Der markante Ziegelmassivbau im Stil der Spätmoderne wurde einst in den 1970er Jahren im Rahmen der Gemeindeverwaltungsreform errichtet und hat seitdem als Ortszentrum der Marktgemeinde gute Dienste geleistet. Doch im Laufe der Jahre sind einige Herausforderungen aufgetreten, denen das Gebäude nun nicht mehr gewachsen ist. Ein hoher Sockel isoliert den Vorplatz vom Erdgeschoss, die Mitarbeiter sind im gesamten Gebäude verstreut, und die veraltete Haustechnik macht den Betrieb ineffizient.

Doch anstatt das Gebäude nun nach Ablauf des theoretischen Nutzungszyklus abzureißen und neu zu errichten, wie es oft üblich ist, hat die Gemeinde von Anfang an beschlossen, das bestehende Gebäude zu erhalten und behutsam zu modernisieren. Diese Entscheidung basiert nicht nur auf der soliden Bausubstanz und der optimalen Lage in Ortskernmitte, sondern auch auf dem Bewusstsein unsere gemeinsame Verantwortung gegenüber der Zukunft ernst zu nehmen. Damit geht die Gemeinde Zellerndorf mit gutem Beispiel voran und zeigt damit Vorzüge von Bestandserhaltung und Ortskernaktivierung auf das öffentliche Leben im ländlichen Raum auf.

Ursprünglich als Parkplatz geplant, wurde der Bereich vor dem Gebäude im Laufe der Jahre zu einem grünen Vorplatz umgestaltet. Doch aufgrund der Nähe zur stark befahrenen Bundesstraße kann er seine freiraumgeprägte Funktion derzeit nicht erfüllen. Durch das Anheben des Platzes auf Erdgeschoßniveau bildet er nun einen geschützten Begegnungsort mit Verweilqualitäten und ermöglicht gleichzeitig einen barrierefreien Zugang für alle.

Ein neuer Anbau öffnet sich als Eingangsgebäude zum Ort hin und spannt gemeinsam mit dem Bestand einen einladenden Innenhof auf. In Zukunft sind alle Mitarbeiter gemeinsam im Erdgeschoß untergebracht, das fördert die Zusammenarbeit, das Gemeinschaftsgefühl und die Servicequalität gegenüber den Bürgern. Sämtliche Behördenwege bis hin zum Bürgermeister und der Postpartnerstelle können damit bequem auf einer Ebene erledigt werden.

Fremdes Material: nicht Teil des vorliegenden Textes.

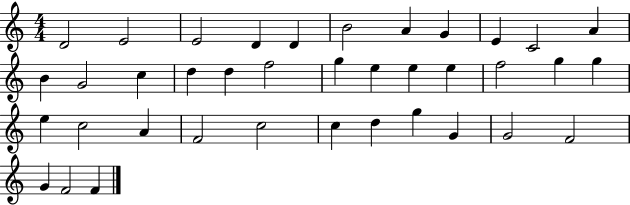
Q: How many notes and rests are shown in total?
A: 38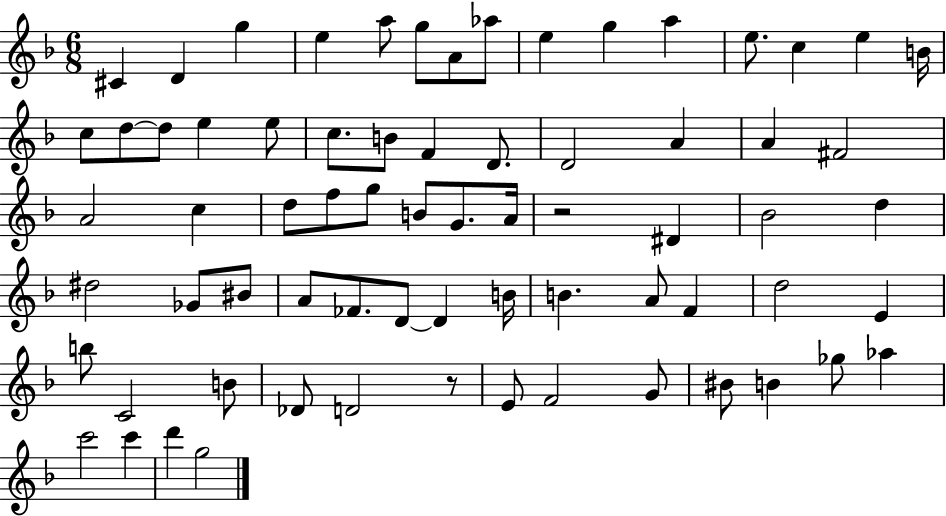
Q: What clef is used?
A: treble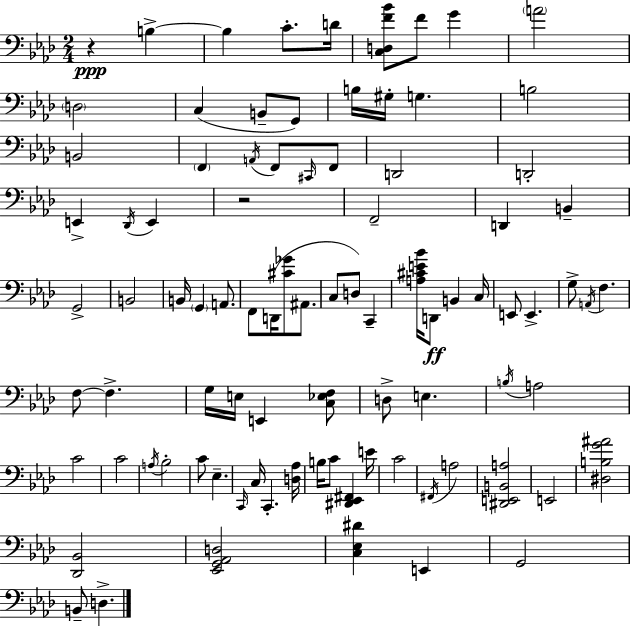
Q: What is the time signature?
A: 2/4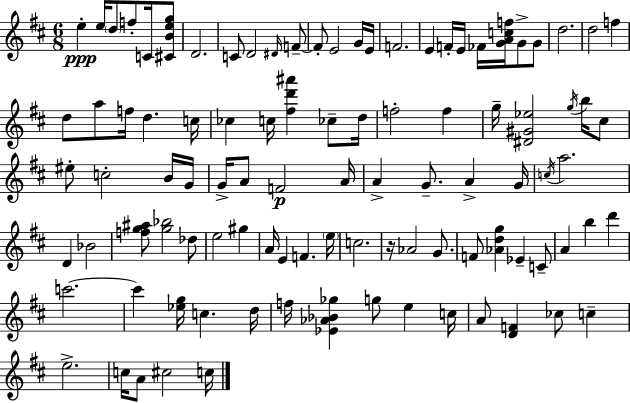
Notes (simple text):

E5/q E5/s D5/e F5/e C4/s [C#4,B4,E5,G5]/e D4/h. C4/e D4/h D#4/s F4/e F4/e E4/h G4/s E4/s F4/h. E4/q F4/s E4/s FES4/s [G4,A4,C5,F5]/s G4/e G4/e D5/h. D5/h F5/q D5/e A5/e F5/s D5/q. C5/s CES5/q C5/s [F#5,D6,A#6]/q CES5/e D5/s F5/h F5/q G5/s [D#4,G#4,Eb5]/h G5/s B5/s C#5/e EIS5/e C5/h B4/s G4/s G4/s A4/e F4/h A4/s A4/q G4/e. A4/q G4/s C5/s A5/h. D4/q Bb4/h [F5,G5,A#5]/e [G5,Bb5]/h Db5/e E5/h G#5/q A4/s E4/q F4/q. E5/s C5/h. R/s Ab4/h G4/e. F4/e [Ab4,D5,G5]/q Eb4/q C4/e A4/q B5/q D6/q C6/h. C6/q [Eb5,G5]/s C5/q. D5/s F5/s [Eb4,Ab4,Bb4,Gb5]/q G5/e E5/q C5/s A4/e [D4,F4]/q CES5/e C5/q E5/h. C5/s A4/e C#5/h C5/s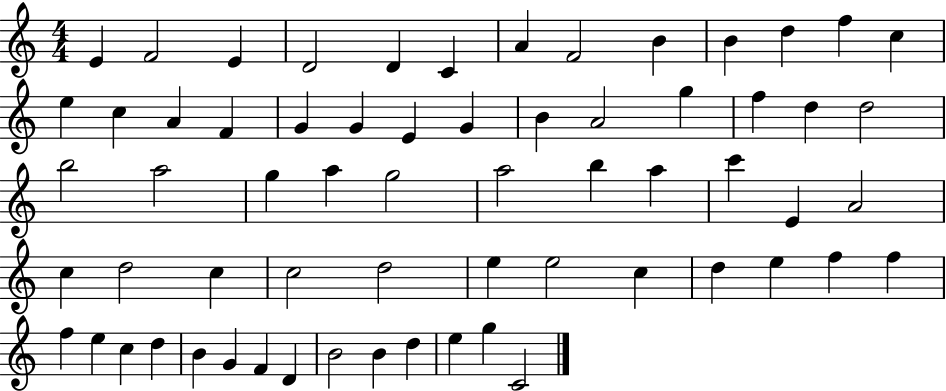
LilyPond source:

{
  \clef treble
  \numericTimeSignature
  \time 4/4
  \key c \major
  e'4 f'2 e'4 | d'2 d'4 c'4 | a'4 f'2 b'4 | b'4 d''4 f''4 c''4 | \break e''4 c''4 a'4 f'4 | g'4 g'4 e'4 g'4 | b'4 a'2 g''4 | f''4 d''4 d''2 | \break b''2 a''2 | g''4 a''4 g''2 | a''2 b''4 a''4 | c'''4 e'4 a'2 | \break c''4 d''2 c''4 | c''2 d''2 | e''4 e''2 c''4 | d''4 e''4 f''4 f''4 | \break f''4 e''4 c''4 d''4 | b'4 g'4 f'4 d'4 | b'2 b'4 d''4 | e''4 g''4 c'2 | \break \bar "|."
}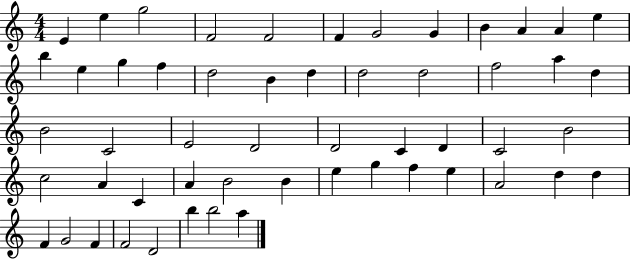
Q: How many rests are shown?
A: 0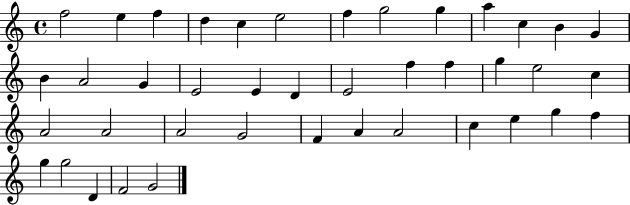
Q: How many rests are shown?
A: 0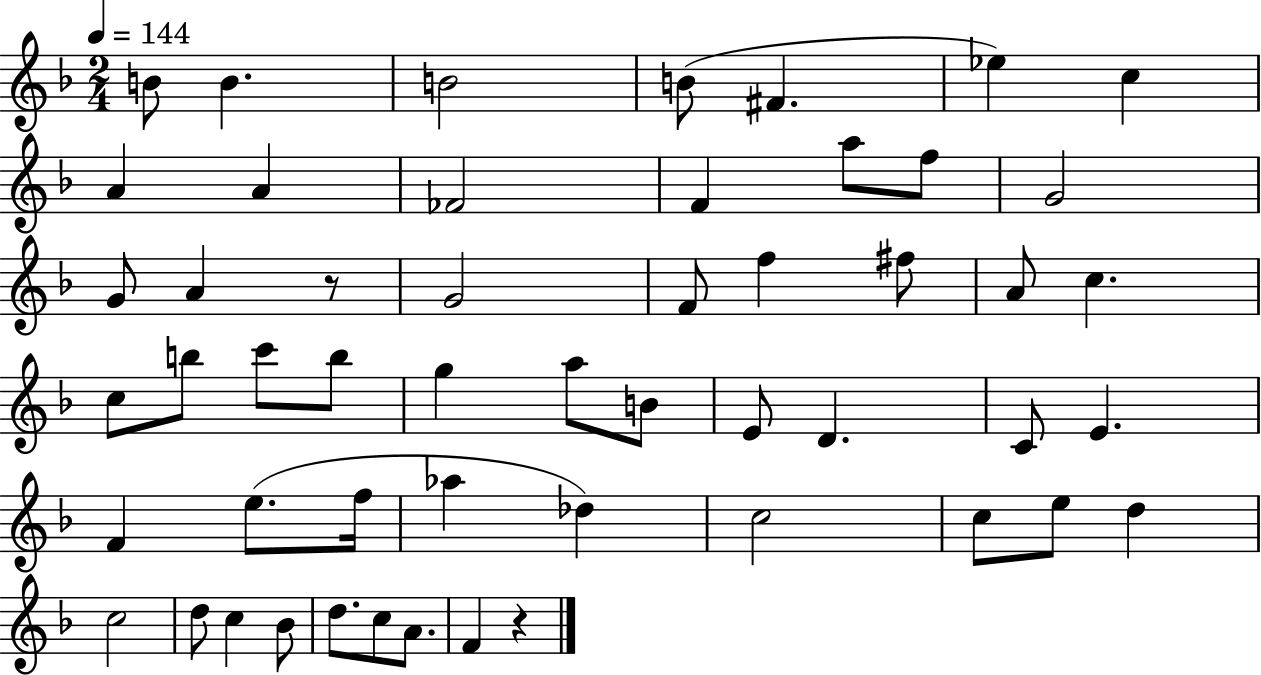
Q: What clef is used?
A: treble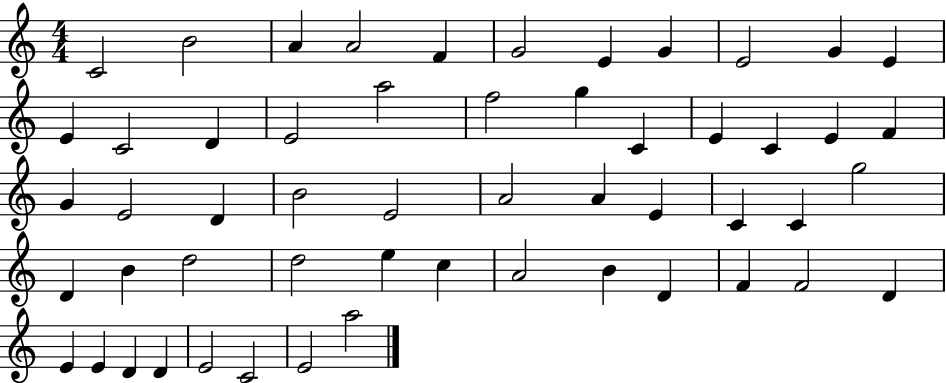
X:1
T:Untitled
M:4/4
L:1/4
K:C
C2 B2 A A2 F G2 E G E2 G E E C2 D E2 a2 f2 g C E C E F G E2 D B2 E2 A2 A E C C g2 D B d2 d2 e c A2 B D F F2 D E E D D E2 C2 E2 a2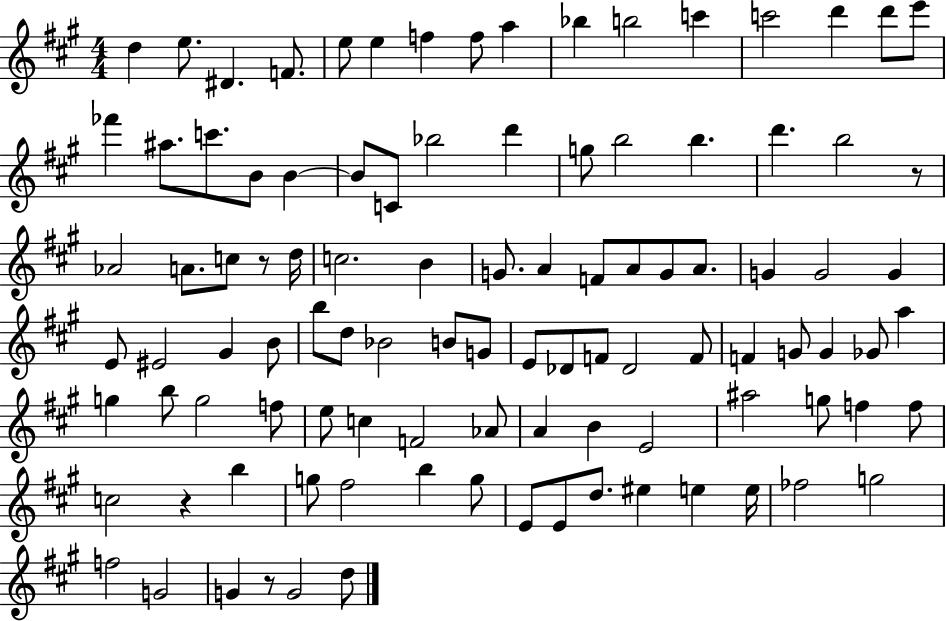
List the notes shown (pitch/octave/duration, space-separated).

D5/q E5/e. D#4/q. F4/e. E5/e E5/q F5/q F5/e A5/q Bb5/q B5/h C6/q C6/h D6/q D6/e E6/e FES6/q A#5/e. C6/e. B4/e B4/q B4/e C4/e Bb5/h D6/q G5/e B5/h B5/q. D6/q. B5/h R/e Ab4/h A4/e. C5/e R/e D5/s C5/h. B4/q G4/e. A4/q F4/e A4/e G4/e A4/e. G4/q G4/h G4/q E4/e EIS4/h G#4/q B4/e B5/e D5/e Bb4/h B4/e G4/e E4/e Db4/e F4/e Db4/h F4/e F4/q G4/e G4/q Gb4/e A5/q G5/q B5/e G5/h F5/e E5/e C5/q F4/h Ab4/e A4/q B4/q E4/h A#5/h G5/e F5/q F5/e C5/h R/q B5/q G5/e F#5/h B5/q G5/e E4/e E4/e D5/e. EIS5/q E5/q E5/s FES5/h G5/h F5/h G4/h G4/q R/e G4/h D5/e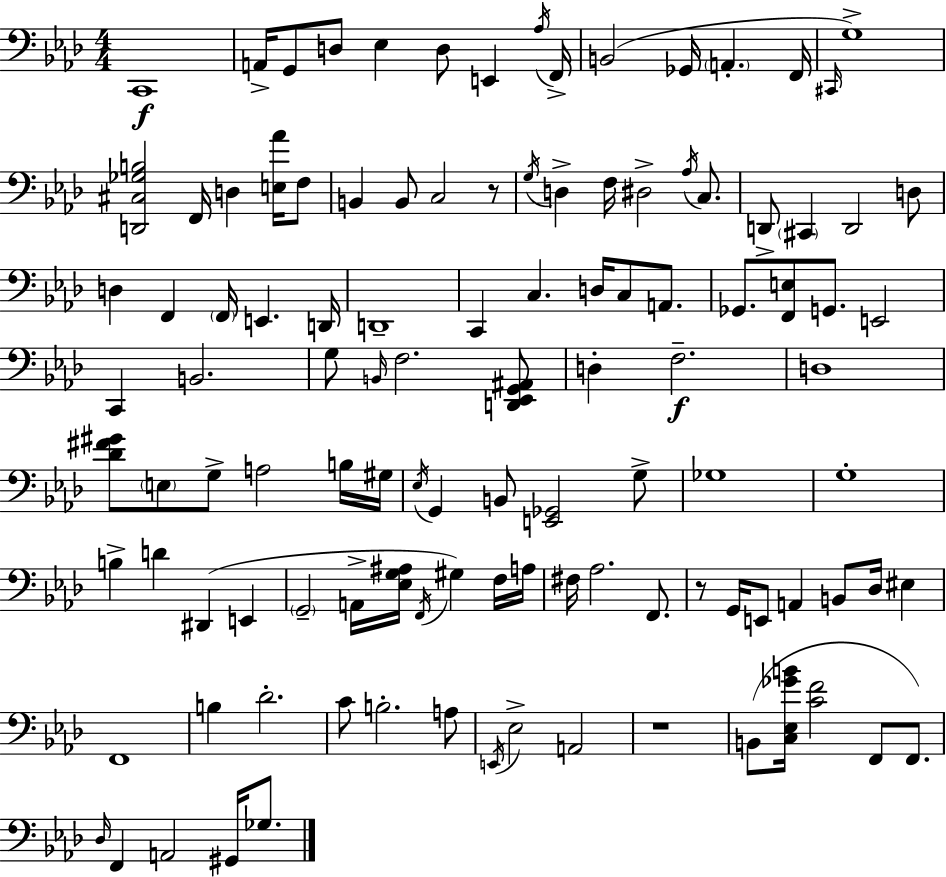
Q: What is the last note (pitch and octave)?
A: Gb3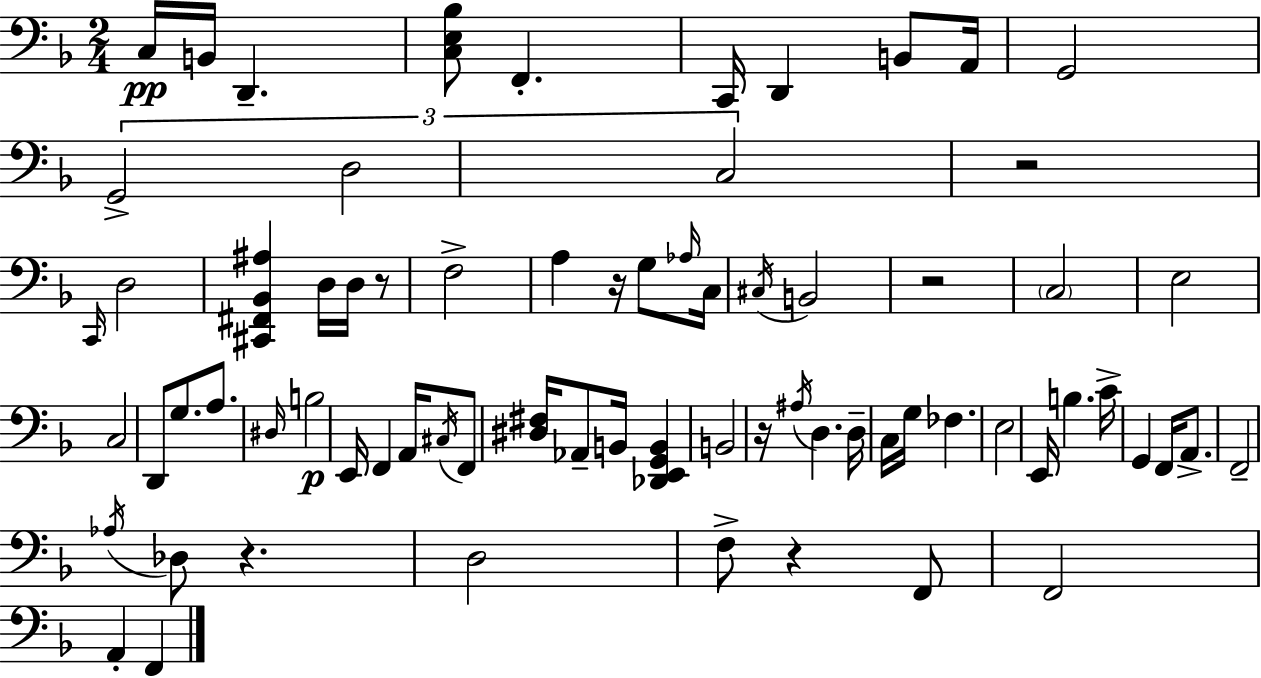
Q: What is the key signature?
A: F major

Das obere Stockwerk wird der öffentlichen Nutzung zugeführt und über einen neu errichteten Lift erschlossen. Der Sitzungssaal und ein zweiter Workspace stehen der Bevölkerung damit für Veranstaltungen, Vorträge, Yogakurse, Co-Working, Feste oder jegliche andere Nutzung zur Verfügung. Die großen Öffnungen zum Ort hin signalisieren die Benutzbarkeit für die Bürger und zeigen zudem, dass Gemeindepolitik in Zellerndorf nicht hinter verschlossenen Türen, sondern transparent und offen ausgetragen wird.

Doch nicht nur das Bestandsgebäude, auch das Umfeld des Gemeindeamtes wird mit zusätzlichen Funktionen aufgewertet. Der Dorfplatz wird mit Granitsteinen gepflastert und mit ortstypischen Trockenpflanzen begrünt. Neue Laubbäume spenden Schatten und schützen auch die Glasfassade des Gebäudes im Sommer vor Überwärmung. Die Bushaltestelle wird im Baukörper als witterungsgeschützter Wartebereich integriert, ein öffentlicher Trinkbrunnen und E-Bike Ladesäulen ermöglichen einen bequemen Zwischenstopp für Radtouristen. Im Foyer ist künftig eine Selbstbedienungs-Paketstation der Post vorgesehen, die rund um die Uhr zugänglich sein wird. Das Gemeindezentrum nimmt damit seine Funktion als Ortsmittelpunkt wahr und vereint Bürgerservice, Nahversorgung und nachhaltige Mobilität mit einem regen Gemeinschaftsleben.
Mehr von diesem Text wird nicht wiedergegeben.